Além disso, as companhias aéreas são pressionadas a encher os voos com antecedência. Com isso, empresas têm adotado algumas táticas para vender mais, como oferecer descontos para quem faz reserva antecipada.
Companhias como a Greater Bay Airlines, que oferece voos entre Hong Kong e outros países da Ásia, já chegou a vender passagens por apenas US$ 2,56 (cerca de R$ 14,43, na cotação atual).
Já a Qantas Airways, maior empresa aérea australiana, e a terceira mais antiga do mundo, cortou nesta semana os preços de mais de 1 milhão de assentos em voos domésticos para apenas 109 dólares australianos (equivalente a R$ 402).
Na segunda-feira (22), a companhia aérea Ryanair anunciou que prevê uma baixa significativa das tarifas aéreas durante a temporada de verão deste ano na Europa.
O anúncio vem em meio a uma queda no lucro da companhia, cujas ações caíram 26% em 2024.

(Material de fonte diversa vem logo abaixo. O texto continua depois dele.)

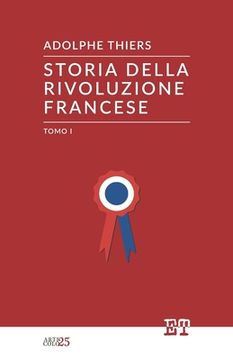 portada Storia della Rivoluzione Francese - Tomo I (en Italiano)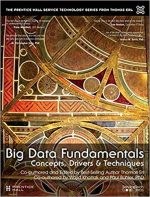 Big Data Fundamentals: Concepts, Drivers & Techniques by Thomas Erl, ISBN-13: 978-0134291079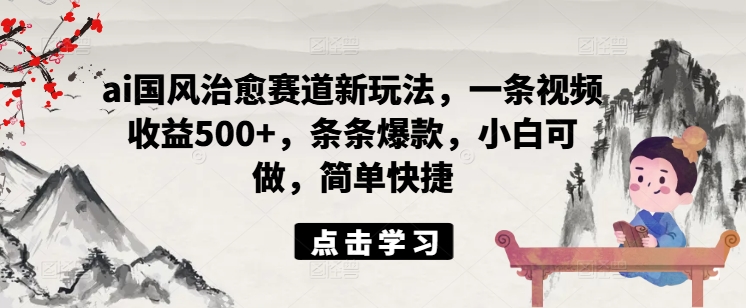 ai国风治愈赛道新玩法，一条视频收益500+，条条爆款，小白可做，简单快捷-800资源网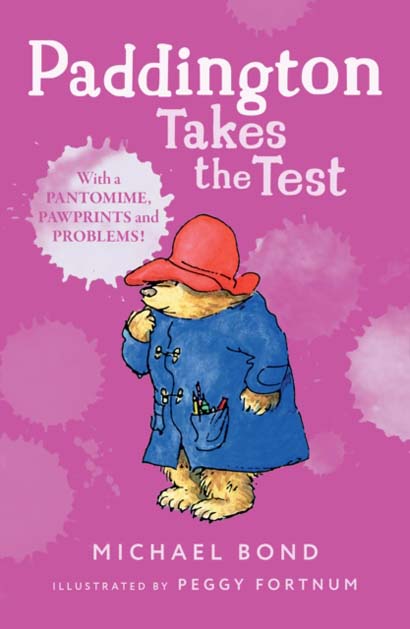 PADDINGTON TAKES THE TEST - MICHAEL BOND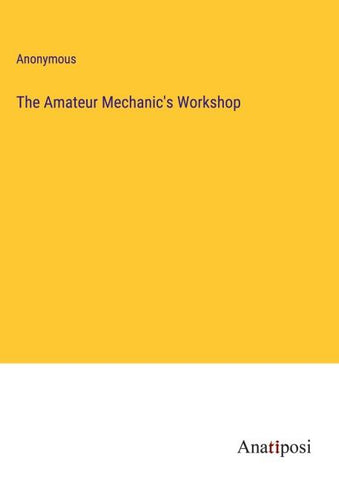 The Amateur Mechanic's Workshop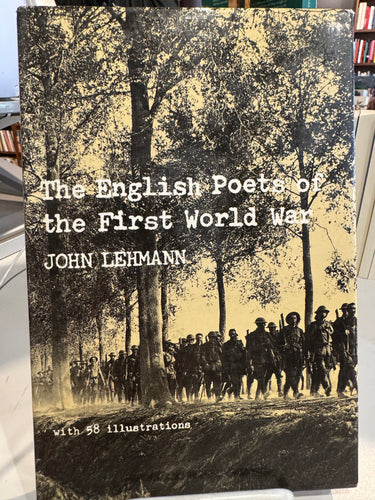 Lehmann, John: The English Poets of the First World War [used hardcover]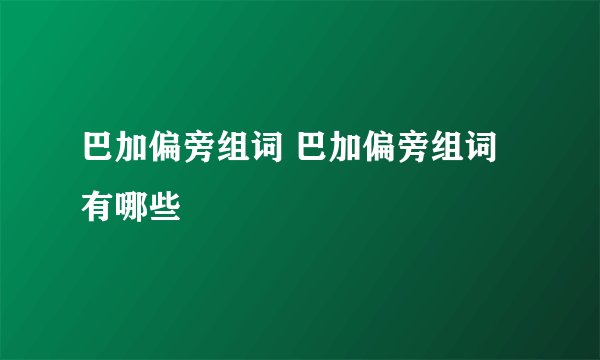 巴加偏旁组词 巴加偏旁组词有哪些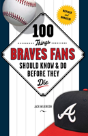 100 Things Braves Fans Should Know & Do Before They Die - Preview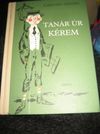 Tanár úr kérem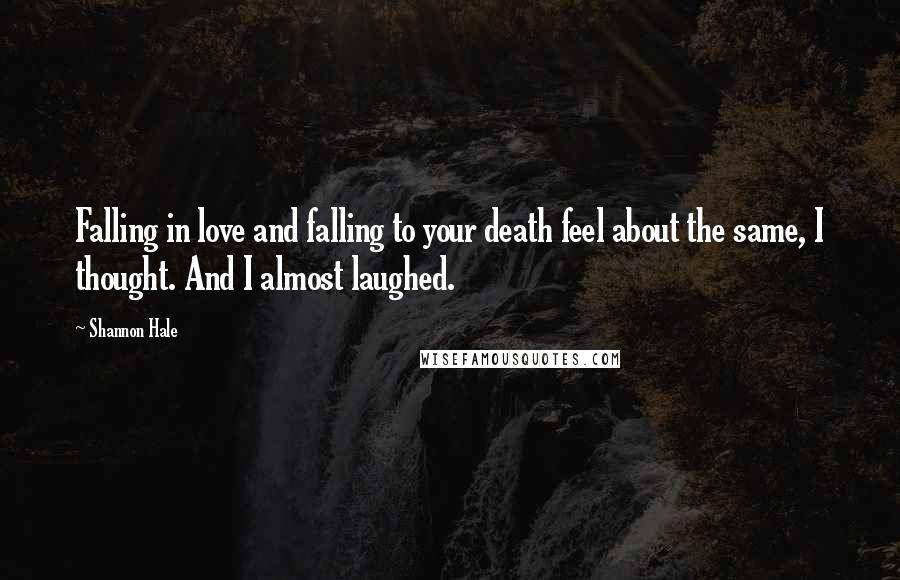 Shannon Hale Quotes: Falling in love and falling to your death feel about the same, I thought. And I almost laughed.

Apesar de positivo para os consumidores, o corte agressivo de algumas companhias aéreas nos preços das passagens preocupa o setor.
O presidente da Emirates, Tim Clark, em entrevista ao Farnborough Air Show, criticou a forma como as aéreas reduziram de forma repentina as tarifas.
Ele alertou que esse fenômeno poderia desencadear “uma corrida para o fundo do poço” das empresas aéreas.
A alta demanda por voos também tem causado uma escassez de aeronaves comerciais disponíveis. Isso obrigou as companhias a encomendarem novos aviões.
Entretanto, entraves na cadeia de suprimento global de aviação fizeram com que algumas fabricantes, como a Airbus, recusassem novos pedidos por conta do alto backlog.
Até certo ponto, esses fatores limitam o quanto os preços das passagens podem cair.